Task material:
*** Begin section ***

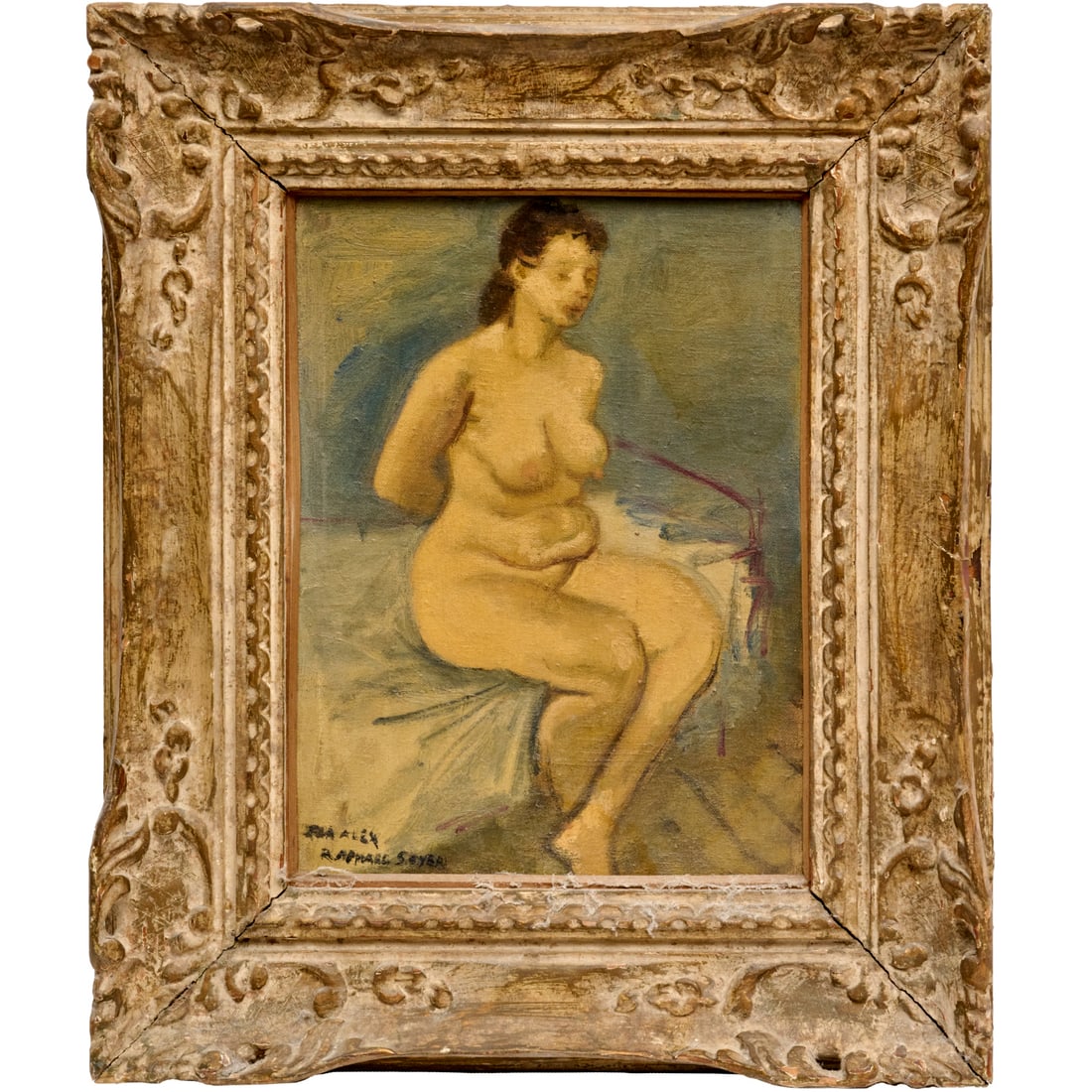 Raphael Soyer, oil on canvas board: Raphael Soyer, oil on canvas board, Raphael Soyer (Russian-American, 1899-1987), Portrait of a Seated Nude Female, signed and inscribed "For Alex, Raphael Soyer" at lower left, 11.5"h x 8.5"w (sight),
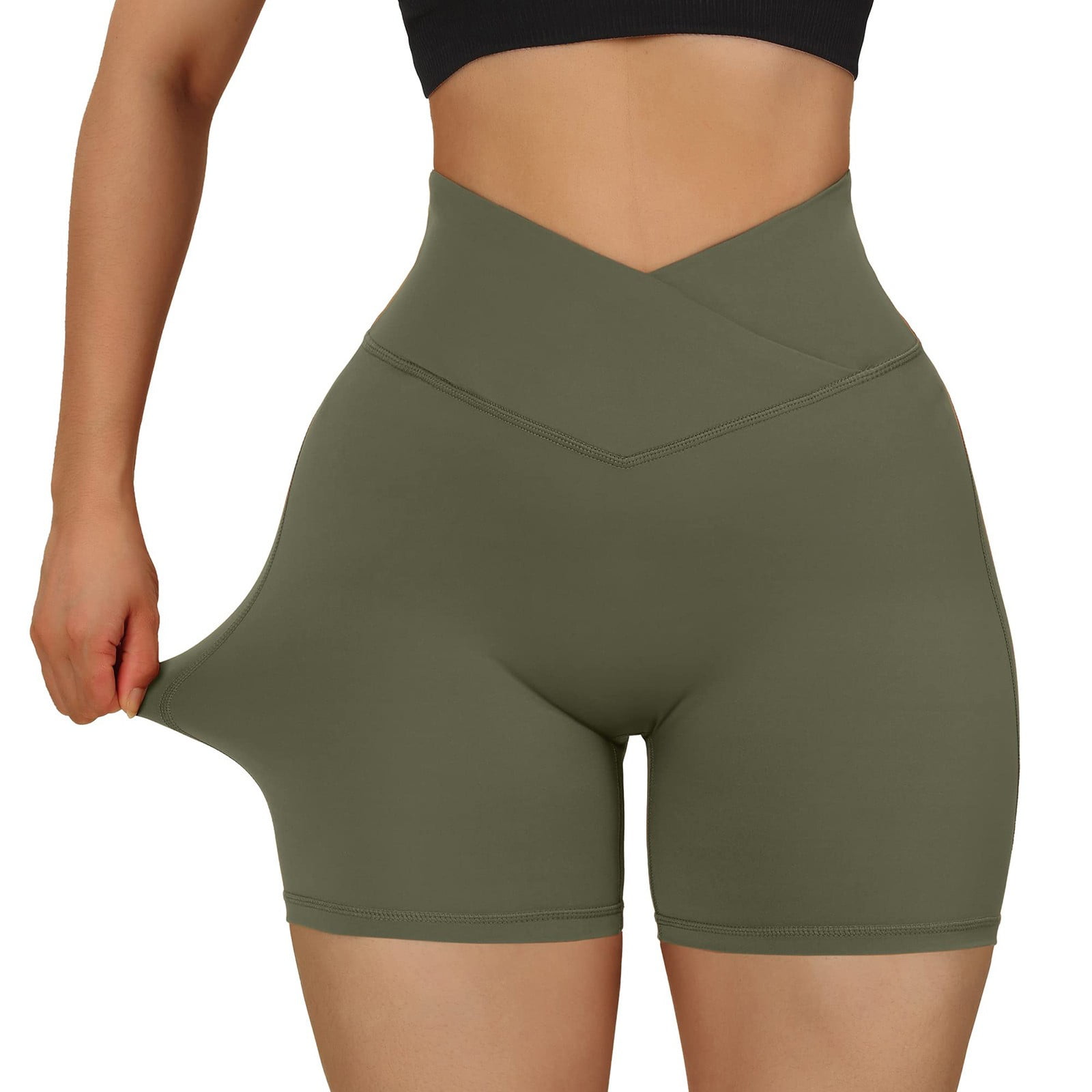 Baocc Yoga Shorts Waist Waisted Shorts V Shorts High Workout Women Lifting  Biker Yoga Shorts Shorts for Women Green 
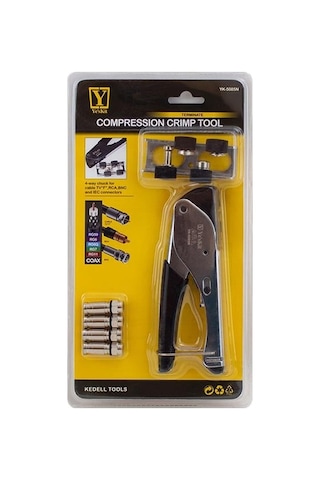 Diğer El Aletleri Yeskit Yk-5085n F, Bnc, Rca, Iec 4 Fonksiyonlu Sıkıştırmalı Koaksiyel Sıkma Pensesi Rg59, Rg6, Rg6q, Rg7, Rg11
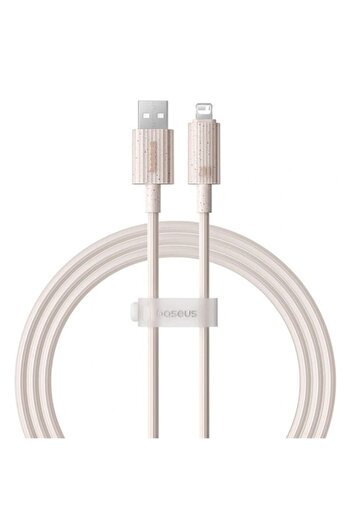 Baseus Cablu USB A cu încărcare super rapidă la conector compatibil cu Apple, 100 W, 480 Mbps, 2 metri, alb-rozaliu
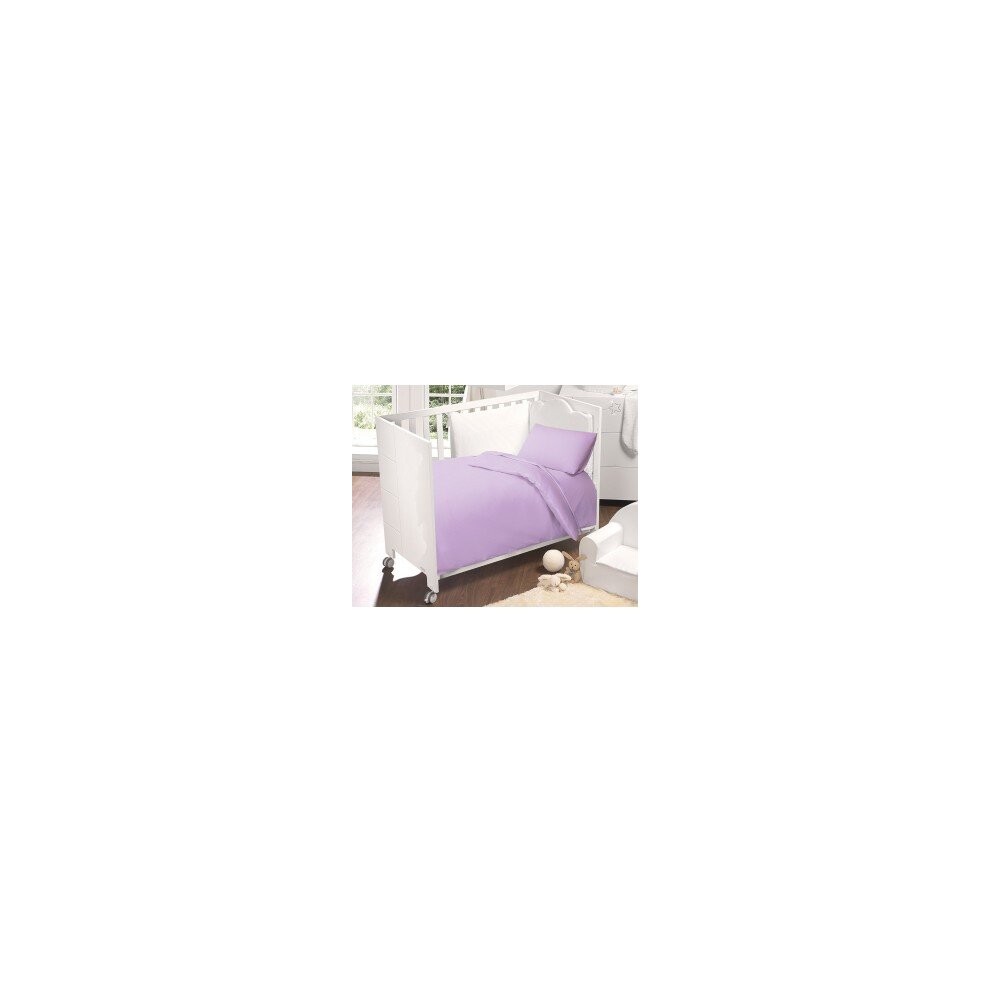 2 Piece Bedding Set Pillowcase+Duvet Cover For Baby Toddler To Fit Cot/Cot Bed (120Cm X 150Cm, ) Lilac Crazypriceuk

*** End section ***
*** Begin section ***

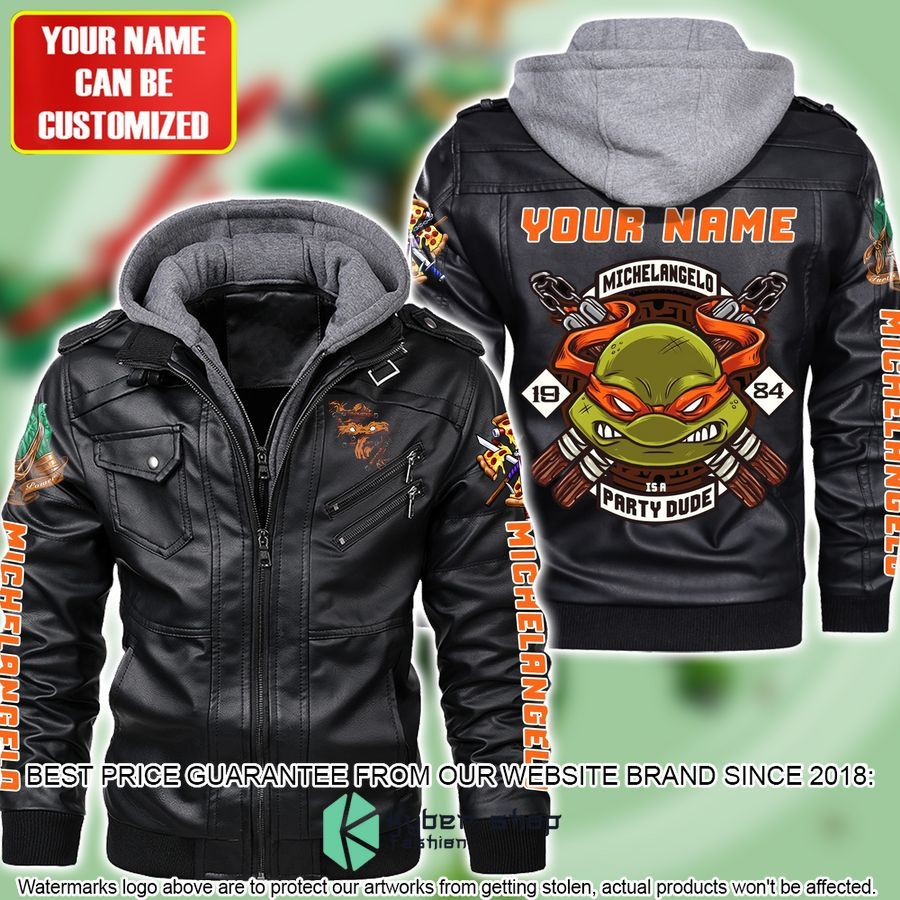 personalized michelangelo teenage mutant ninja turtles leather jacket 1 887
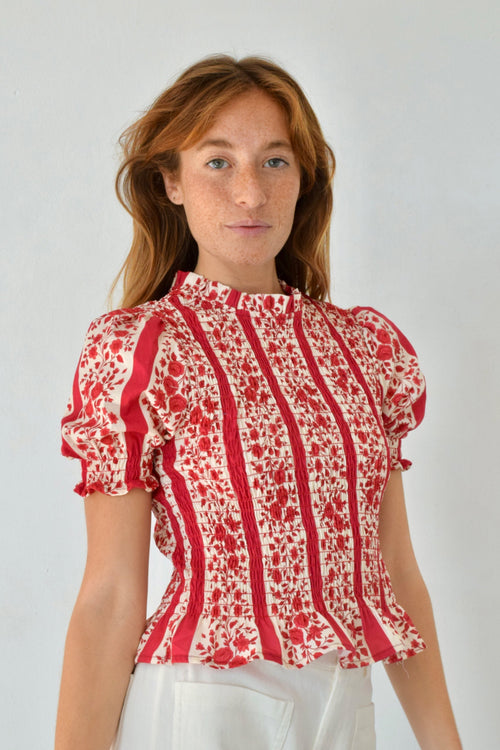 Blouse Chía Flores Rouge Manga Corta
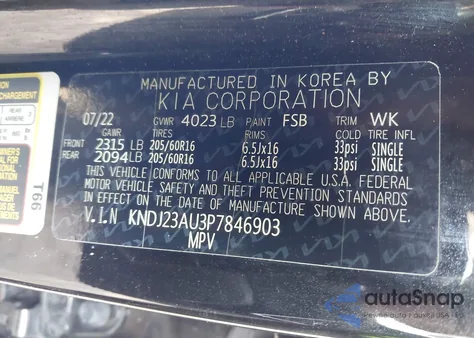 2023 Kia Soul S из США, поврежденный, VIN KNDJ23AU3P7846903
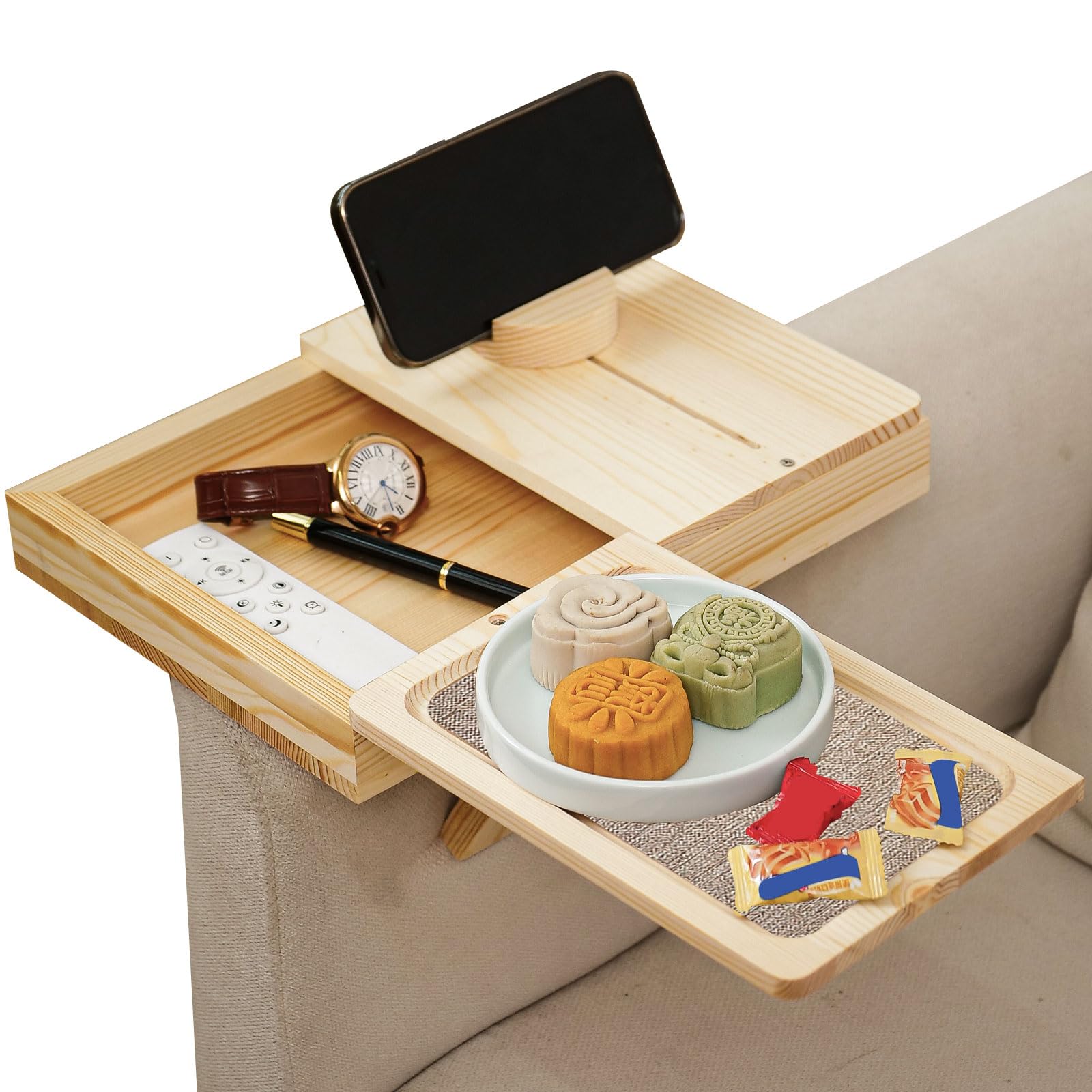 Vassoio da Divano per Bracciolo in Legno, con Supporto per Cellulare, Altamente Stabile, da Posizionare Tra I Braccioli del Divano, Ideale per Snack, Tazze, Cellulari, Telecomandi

*** End section ***

Instructions for the task:
Using the data above, set down each line from the line with "Diğer El Aletleri" to the line with "2 Piece Bedding" exactly, both ends included, and leave the pictures behind. Nothing else belongs.

Response to this task:
 Diğer El Aletleri Yeskit Yk-5085n F, Bnc, Rca, Iec 4 Fonksiyonlu Sıkıştırmalı Koaksiyel Sıkma Pensesi Rg59, Rg6, Rg6q, Rg7, Rg11
 Baseus Cablu USB A cu încărcare super rapidă la conector compatibil cu Apple, 100 W, 480 Mbps, 2 metri, alb-rozaliu
 2 Piece Bedding Set Pillowcase+Duvet Cover For Baby Toddler To Fit Cot/Cot Bed (120Cm X 150Cm, ) Lilac Crazypriceuk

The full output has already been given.